Federal Trade Commission Issues Report on the IoT, Privacy and Security

Comprising mostly findings from a November 2013 FTC workshop, the report makes a number of recommendations regarding best practices for data security, but does not call for specific legislation to regulate consumer-facing IoT products.
By Mary Catherine O'Connor

While noting that security and privacy risks are real and growing as IoT devices proliferate—scores of consumer products linked to the Internet have entered the marketplace since the FTC's 2013 workshop—the agency said it does not believe these risks should be addressed through legislative action at this time. However, the commission's staff does use the report to urge Congress to enact "general technology-neutral data security legislation" and "broad-based (as opposed to IoT-specific) privacy legislation."

In addition, the report calls for companies to self-regulate and adopt best practices, such as building security features into the products starting at their earliest design stages and developing some form of data-minimization practice, as well as offering a reliable means of upgrading products with security patches once they are available in the marketplace. The companion report, "Careful Connections: Building Security in the Internet of Things," goes into further detail regarding best practices.

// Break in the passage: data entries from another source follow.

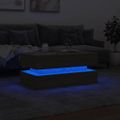 vidaXL Konferenčný stolík s LED osvetlením dub sonoma 90x50x40 cm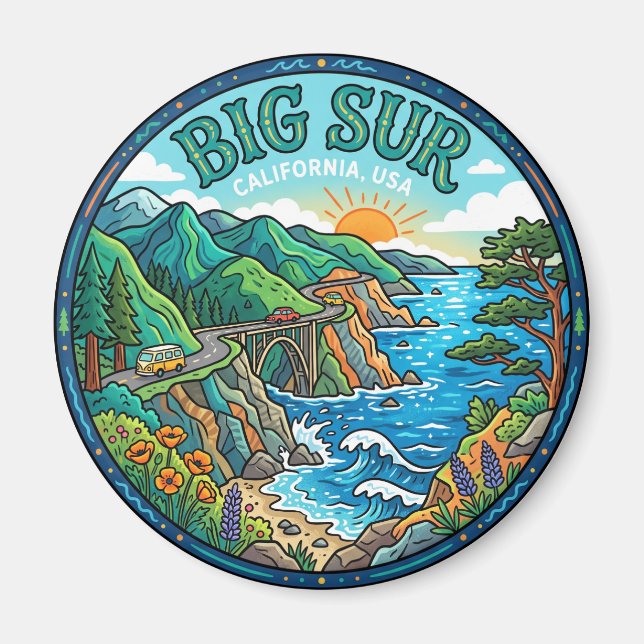 Big Sur USA Magnet (Front)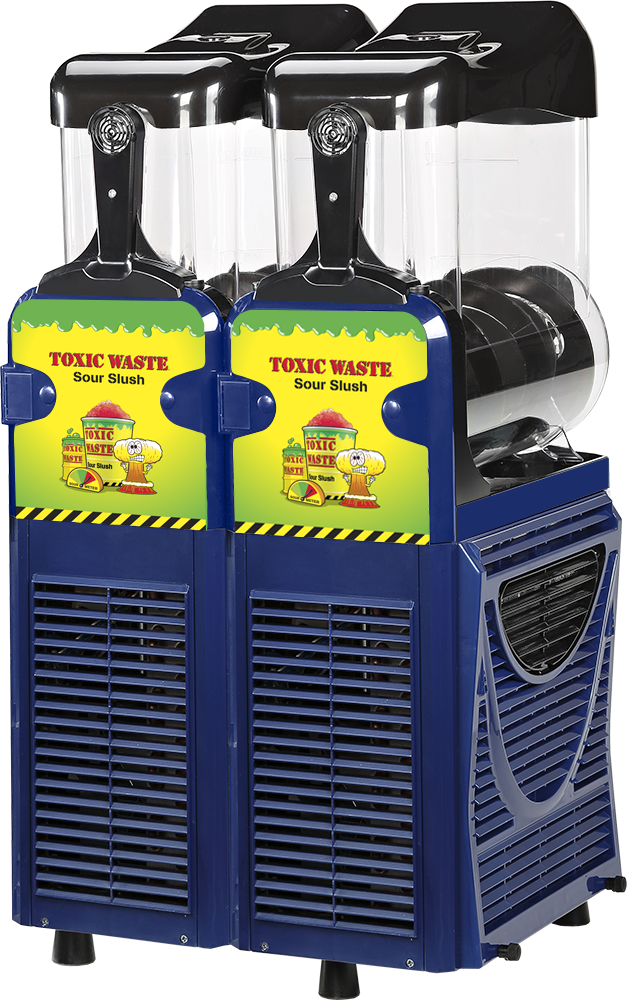 Toxic Waste® Pro Twin Bowl 10L Slush Machine - With Free Stock!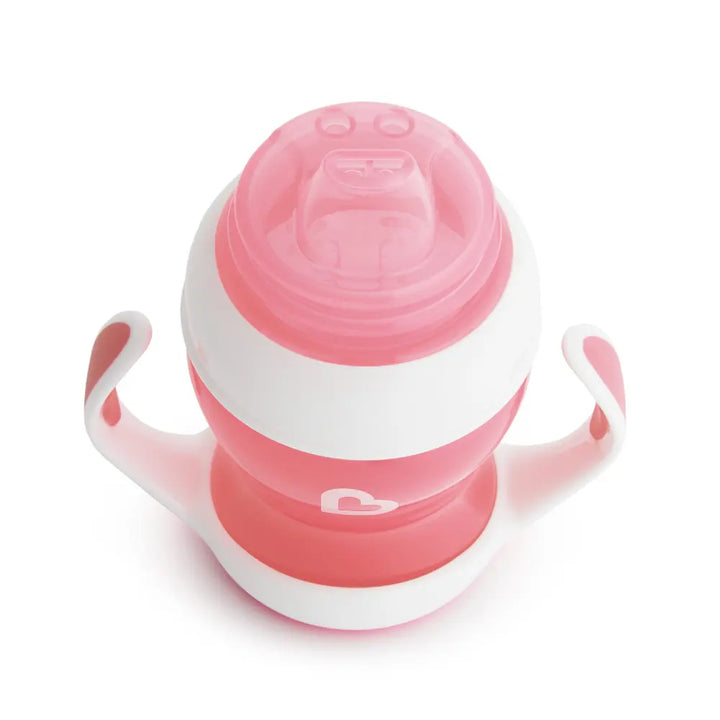 Munchkin Gentle Transition Cup with Soft Silicone Spout &amp; Handles – Spill-Proof Sippy Cup, BPA-Free, 4oz, 4+ Months - Pink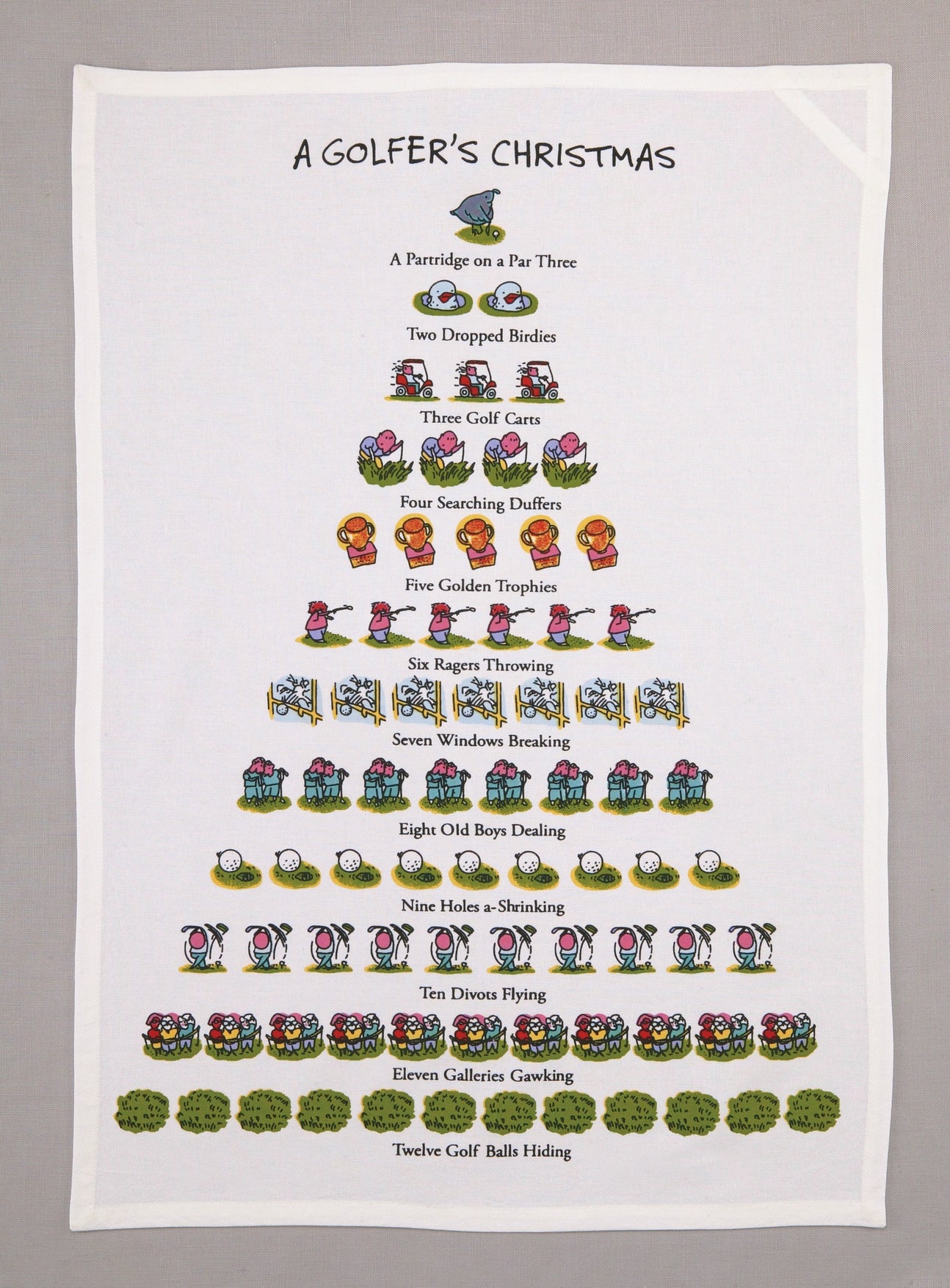 A Golfer's Christmas Kitchen Towel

The staff report's findings are consistent with public statements made by FTC chairwoman Edith Ramirez during the recent Consumer Electronics Show, and those in an article that FTC commissioner Terrell McSweeny wrote for the technology news site Re/Code. But Maureen K. Ohlhausen—one of Ramirez's and McSweeny's fellow commissioners (the FTC has five politically appointed commissioners, with no more than three from the same party)—issued a statement, echoed in a number of tweets she also sent on Tuesday, in which she argued against the report's recommendations for enacting broad privacy legislation. Specifically, she noted that the FTC already has authority to enforce regulations that companies must require consumers to opt in and consent to personal data collection. Ohlhausen described the report's recommendation that companies use data-minimization tools, albeit with flexibility, as "overly prescriptive," and wrote, "The report, without examining costs or benefits, encourages companies to delete valuable data—primarily to avoid hypothetical future harms."

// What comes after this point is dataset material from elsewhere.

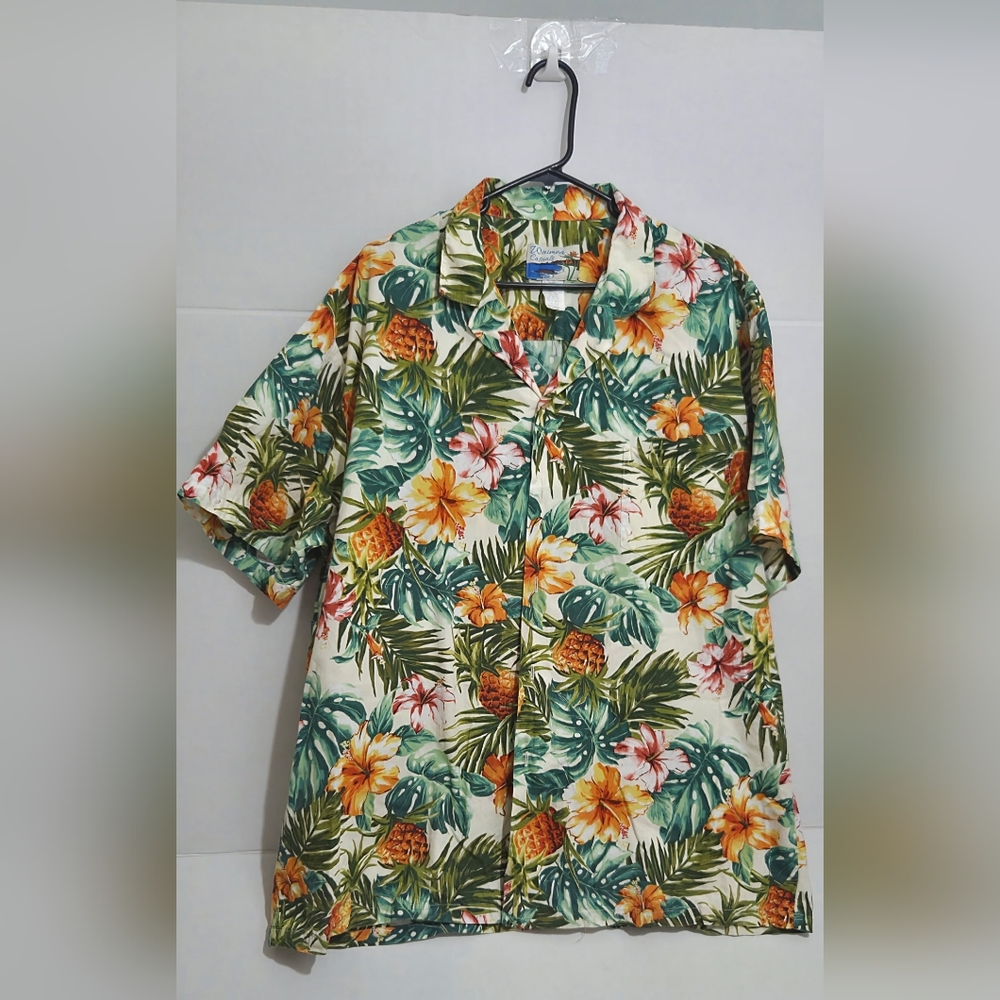 Waimea Casuals Mens  Hawaiian Shirt  Size 2xl 100% Cotton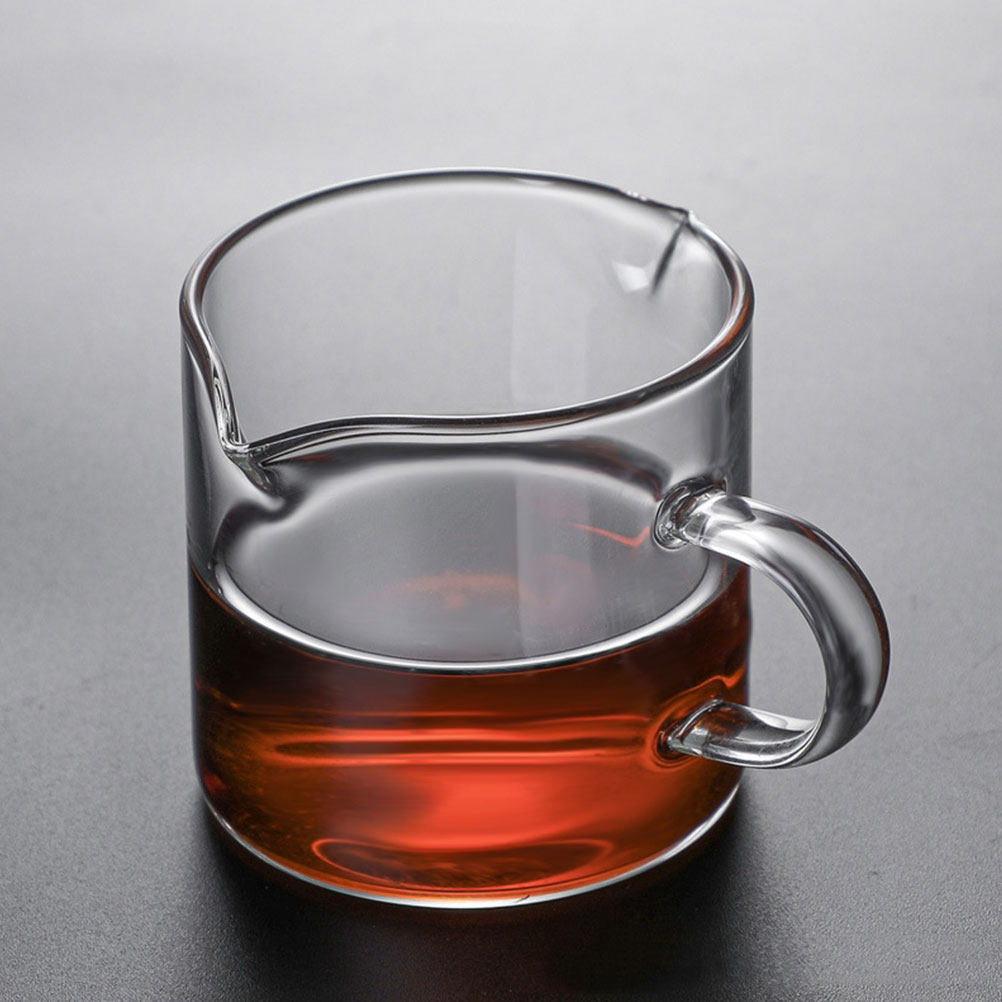 Home Bar Set - 2Pcs Espresso Cups Set Transparent Borosilicate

In the statements and on Twitter, Ohlhausen called the report a "missed opportunity" to delve into the tensions between FIPPs and the IoT, particularly with regard to data minimization. Ohlhausen said the staff report's recommendations followed the precautionary principal (decision-making through which an organization attempts to mitigate harm by considering how a product or service could negatively impact users), whereas she prescribes to the concept of "permissionless innovation"—as expressed by Adam Thierer, a senior research fellow at George Mason University's Mercatus Center—in which companies are encouraged to develop new products unabated "unless a compelling case can be made that a new invention will bring serious harm to individuals."